CSE 225 Course Project Suggested Topics


Each of you will participate in a course project involving 2-4 students.  Everyone taking the course will be involved in a project.  The projects will come from a short list of types (see below), and will involve a model problem for Grids.  All projects will be developed and approved in advance in discussions with Professor Chien.  Typical projects will include an existing grid or distributed systems infrastructure and hand-on computer systems experiments involving new systems or software.  

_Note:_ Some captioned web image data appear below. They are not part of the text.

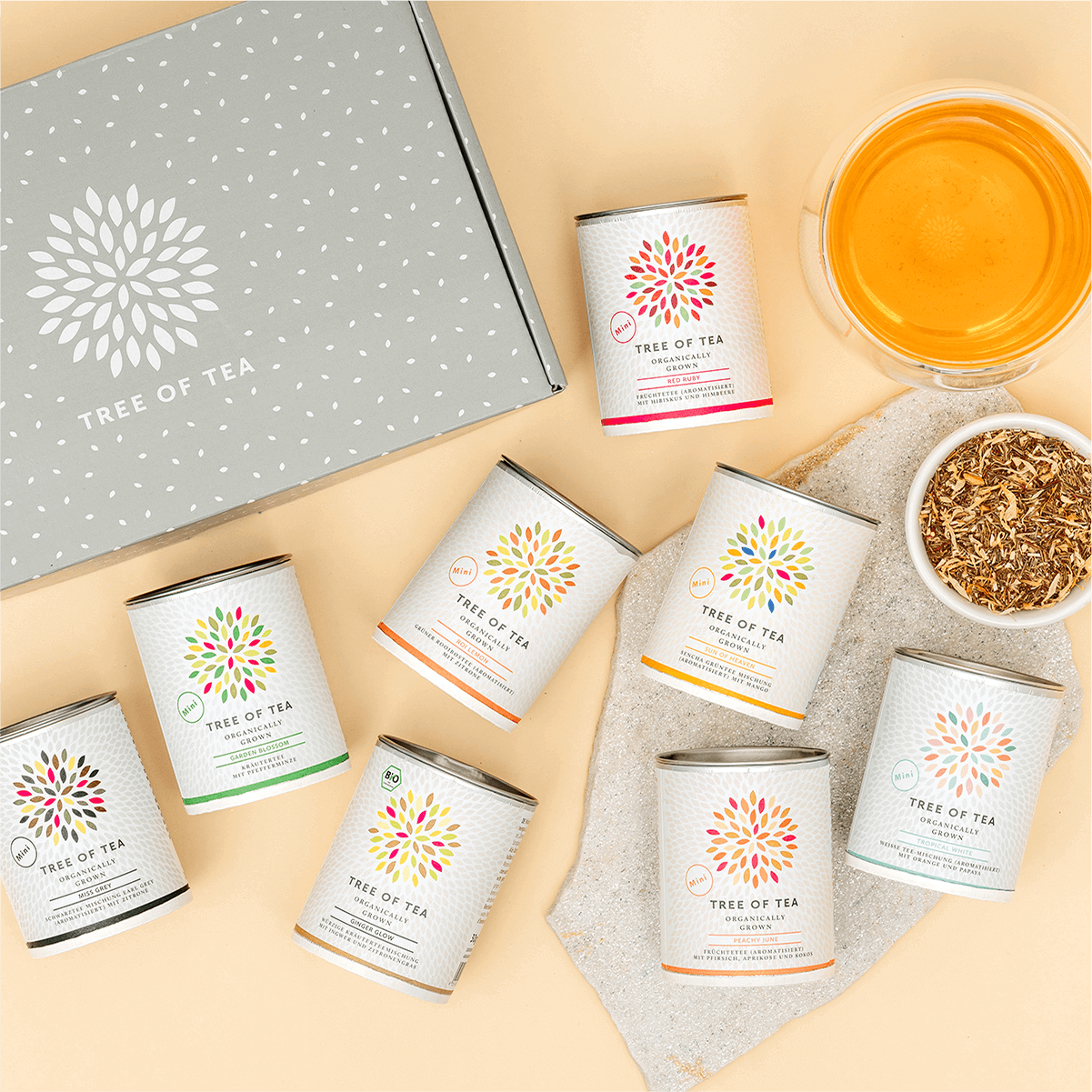 8er Tree of Tea Probierset und ein Teeglas daneben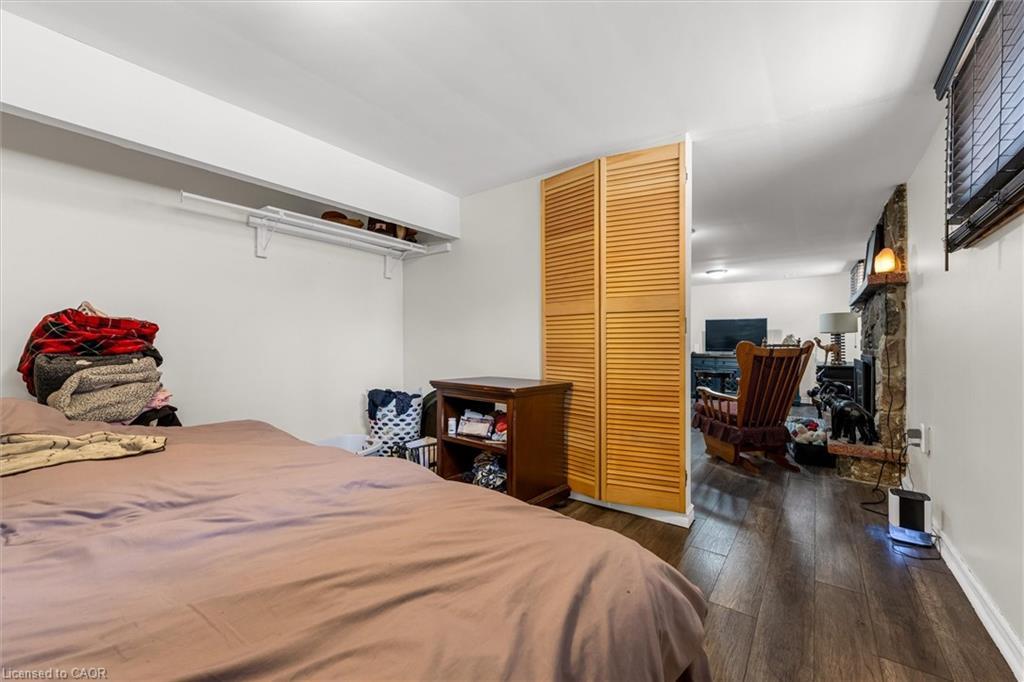 331 East 42Nd Street, Hamilton, ON - Indoor Photo Showing Bedroom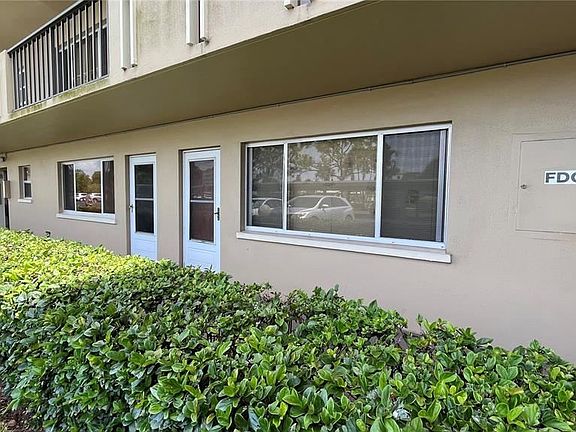 4th image of 4460 Ironwood Cir #106AD
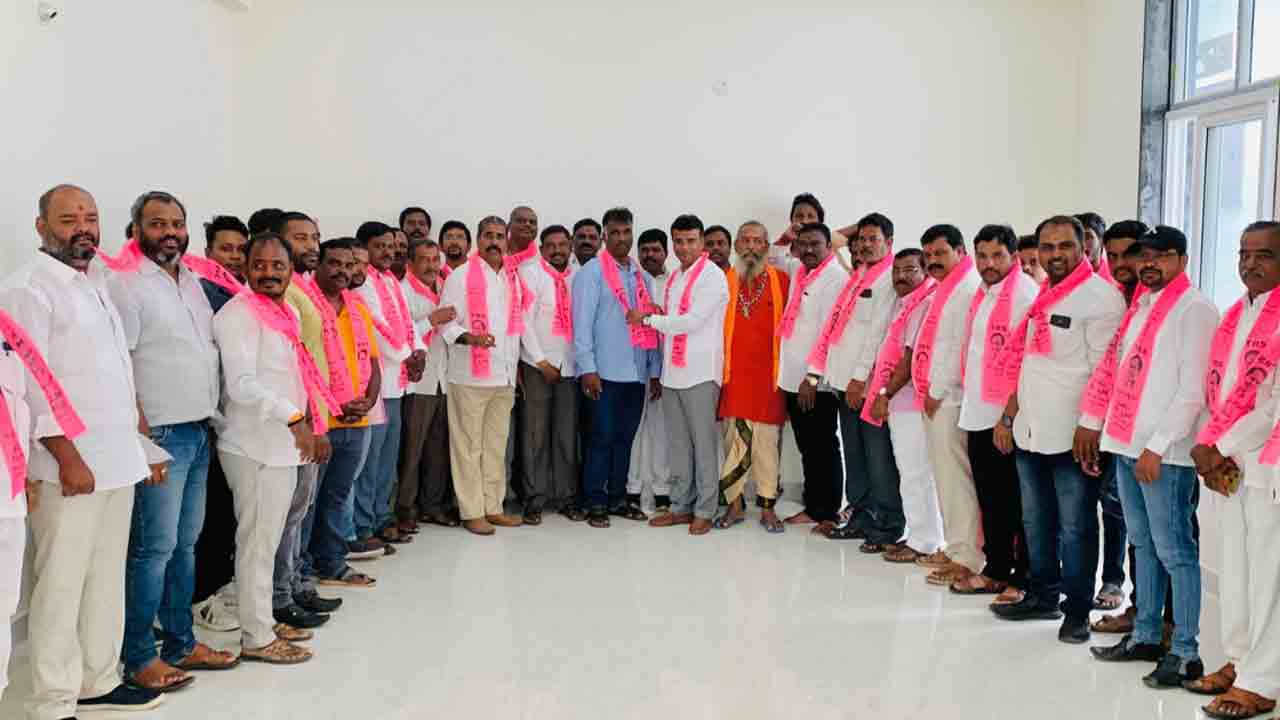 టీఆర్‌ఎస్‌తోనే బంగారు తెలంగాణ సాధ్యం : ఎమ్మెల్యే వివేకానంద్‌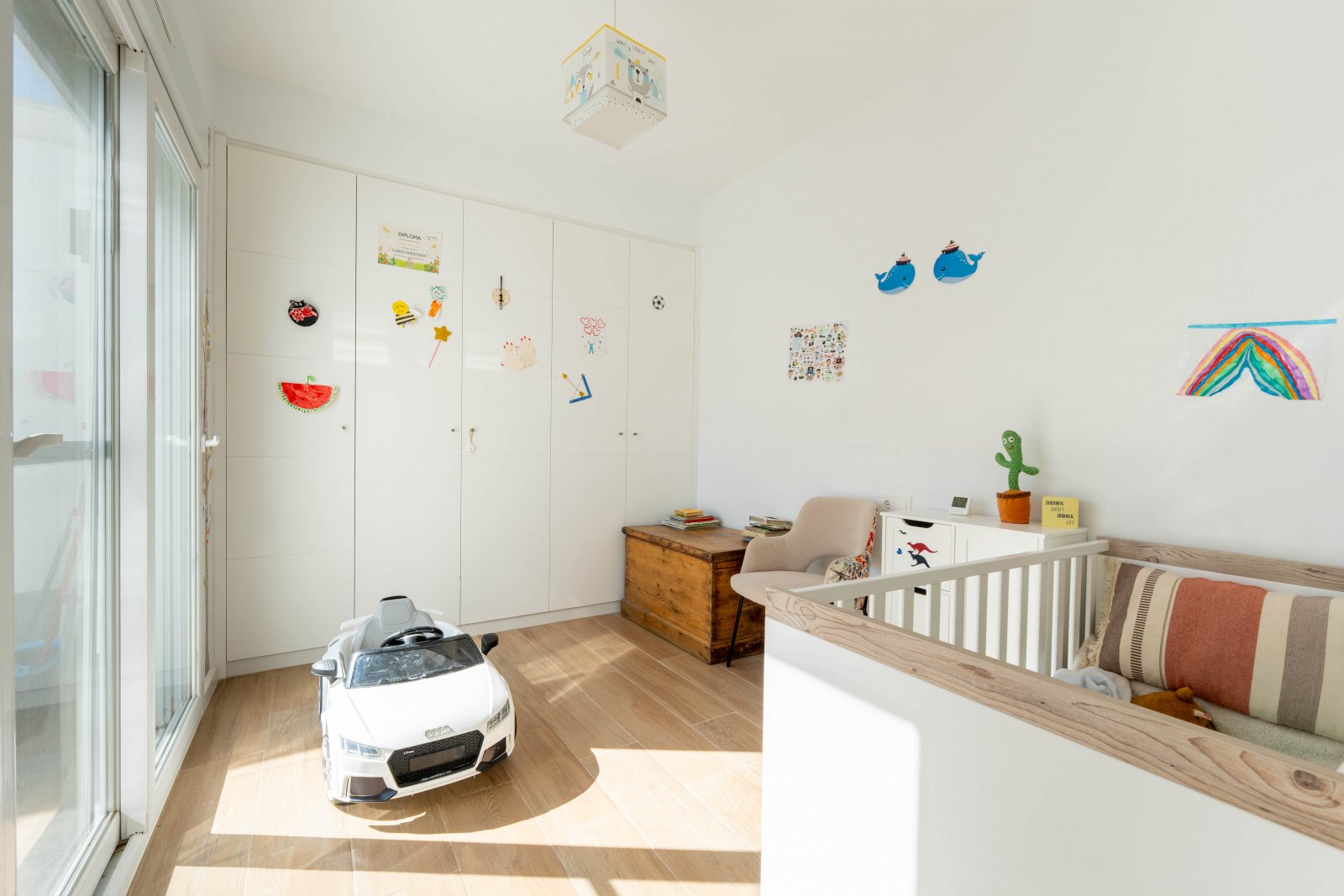  In der charmanten Region Murcia gelegen, bietet dieses unabhängige Anwesen eine ideale Umgebung für diejenigen, die ein exklusives und gut angebunden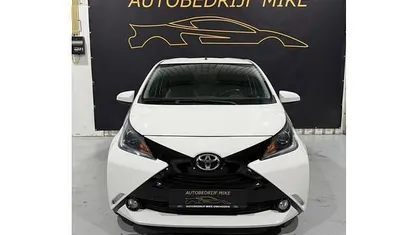 Occasion Toyota Aygo X-play 69 PK (50 kW) 2017 Wit Hatchback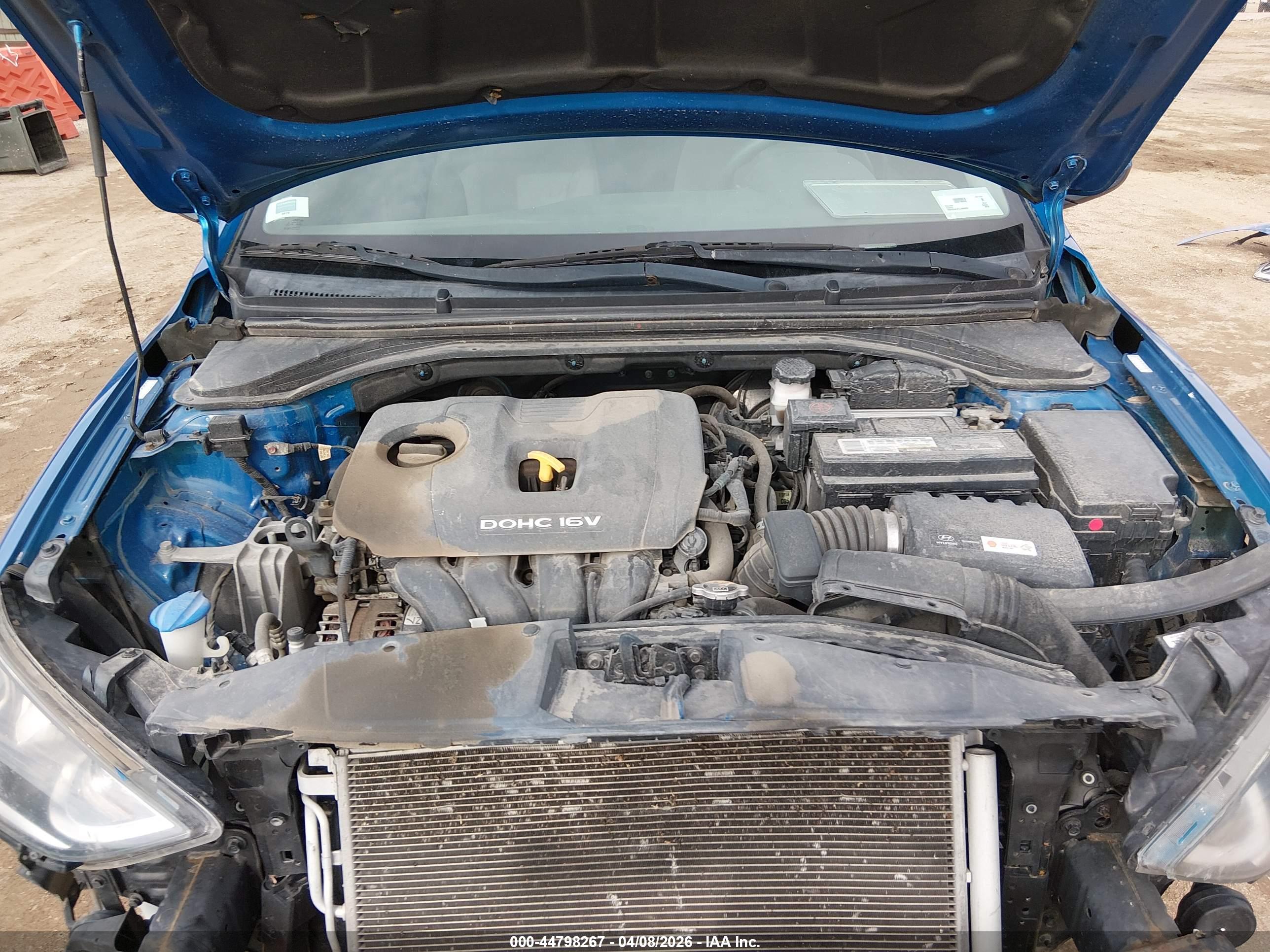 HYUNDAI ELANTRA image 10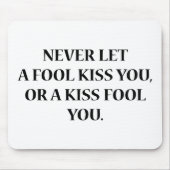 決して愚か者にキスさせ、キスを愚かにする マウスパッド (正面)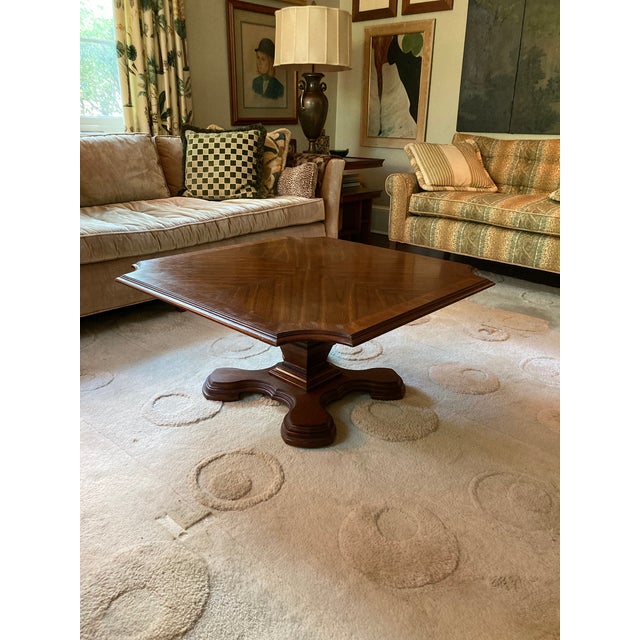 This beautifully designed coffee/cocktail table was made in 1977 by Thomasville Furniture. Its top features beautiful...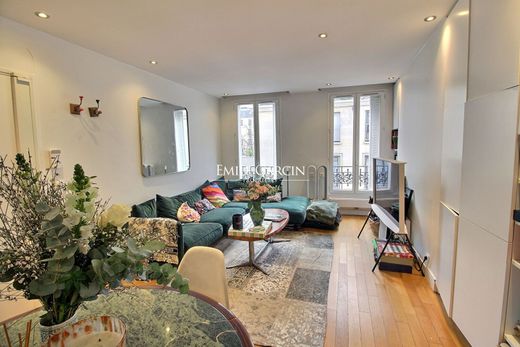 Apartament w Tour Eiffel, Invalides – Ecole Militaire, Saint-Thomas d’Aquin, Paris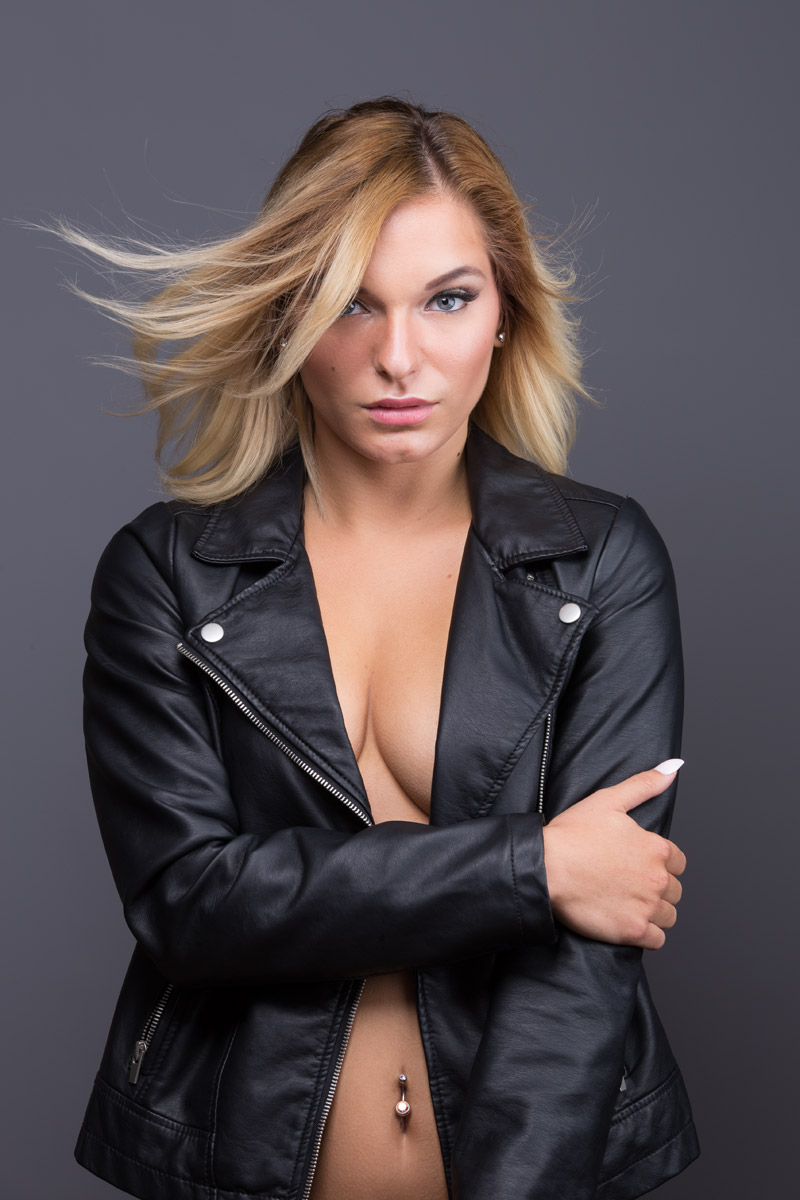 Female model photo shoot of Auroraa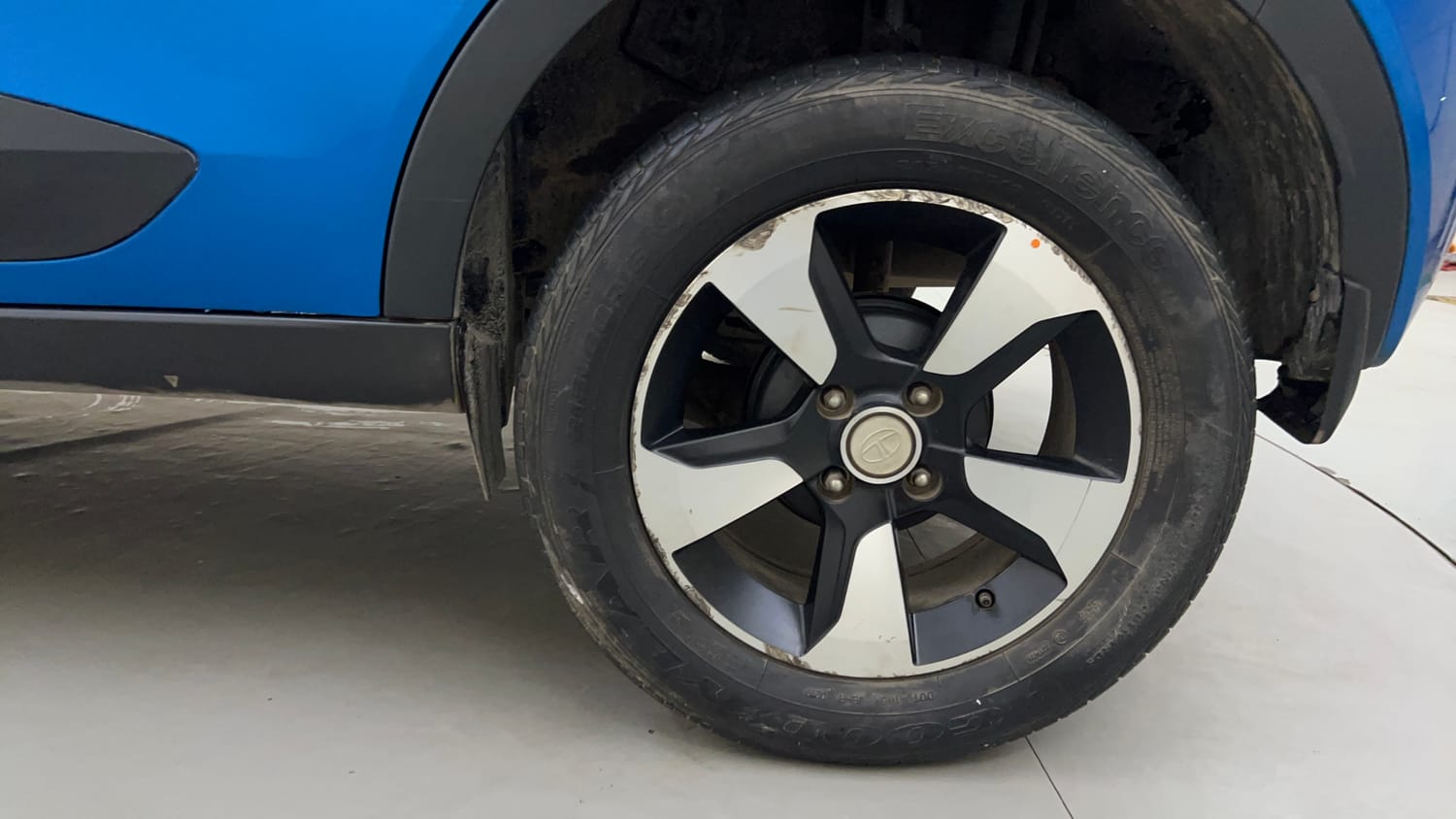 Used 2019 Tata Nexon XZA Plus Petrol Petrol Automatic tyres LEFT REAR TYRE RIM VIEW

You should begin planning your project right away.   Some possible CSE 225 Projects:

  • Resource Selection, and Binding #1: Using realistic resource data  and the three basic models for resource sharing, perform experiments to evaluate how well different selection and binding strategies work? How well can we do if system utilization is the primary goal?  Application performance?  Turnaround (completion latency)?  How well do they work as the level of competition for resources increases in the system?
  • Resource Selection, and Binding #2: Using realistic resource data  and one of the three models for resource sharing (cycle stealing, batch scheduling, and slicing), perform experiments to evaluate how well different selection and binding strategies work? Use several synthetic distributed application models (which involve a set of resources, and a set of computations, data movement, etc.)  How well can we do if system utilization is the primary goal?  Application performance?  Turnaround (completion latency)?  How well do they work as the level of competition for resources increases in the system?
  • Dynamic Applications:  Using the Virtual Grid infrastructure (vgES), construct an application which has a specific set of resource requirements (uses a specification to select), and then uses monitoring and adaptation to improve some aspect of its performance.  Quantify the dependence of behavior on the dynamic information (i.e. network weather service) and its quality.  Explore ranges of resource environments and properties for which stable (and unstable) behavior is realized.  Are there any general principles that can be derived from the adaptation methods or resource behaviors explored?
  • Open Resource Sharing #1: Using the statistical characterization of resources we have studied, compare the efficacy of the three models for resource sharing (cycle stealing, batch scheduling, and slicing) for three classes of applications – compute intensive, memory intensive, and data intensive.  Where these terms are defined by the resource which limits the performance of a process in the overall computation.  Explore quantitatively how the properties of the applications affect the utility of each resource sharing model.
  • Open Resource Sharing #2: Using the statistical characterization of resources we have studied, compare the efficacy of the three models for resource sharing (cycle stealing, batch scheduling, and slicing) to study applications with a range of coupling between processes, ranging from embarrassingly parallel, master-worker, workflow, both master-worker and workflow with tightly-coupled subjobs, and tightly-coupled parallel computations.  Explore quantitatively how the coupling properties of the applications affect the utility of each resource sharing model.
  • Configurable Networks #1:  Compare the three models of use (intelligent network, asynchronous file transfer, and distributed virtual computer) for an application example where we know all of the computation times and communication quantities.  For example, you could use the NAS Parallel Benchmarks and Grid Parallel Benchmarks.  Other example applications are also of interest.  Vary the parameters of time to detect a connection, connection setup delay, the cost to set up and tear down a connection, and the cost of “having a connection” per unit time.  For what range of application properties does each model make sense?  For what range of costs does each model make sense?
  • Configurable Networks #2:  Based on public estimates of the topology of major ISP’s such as Qwest, AT&T, MCI, Sprint, and others based on their publicly available maps, explore the following questions.  Using a backdrop of the top 50 population centers in the United States, explore the number of topologies and competitive providers available to 5-city and 10-city subsets of these centers.  Using the top 50 population centers in the world,  explore the number of topologies and competitive providers.  What is the spectrum of providers available for each subset?  If one wanted to expand the subset of possible topologies, what is the impact on connection latency?  (increase due to speed of light flight time)  Explore how these realities might affect application performance and competition in future dynamic configurable network environments.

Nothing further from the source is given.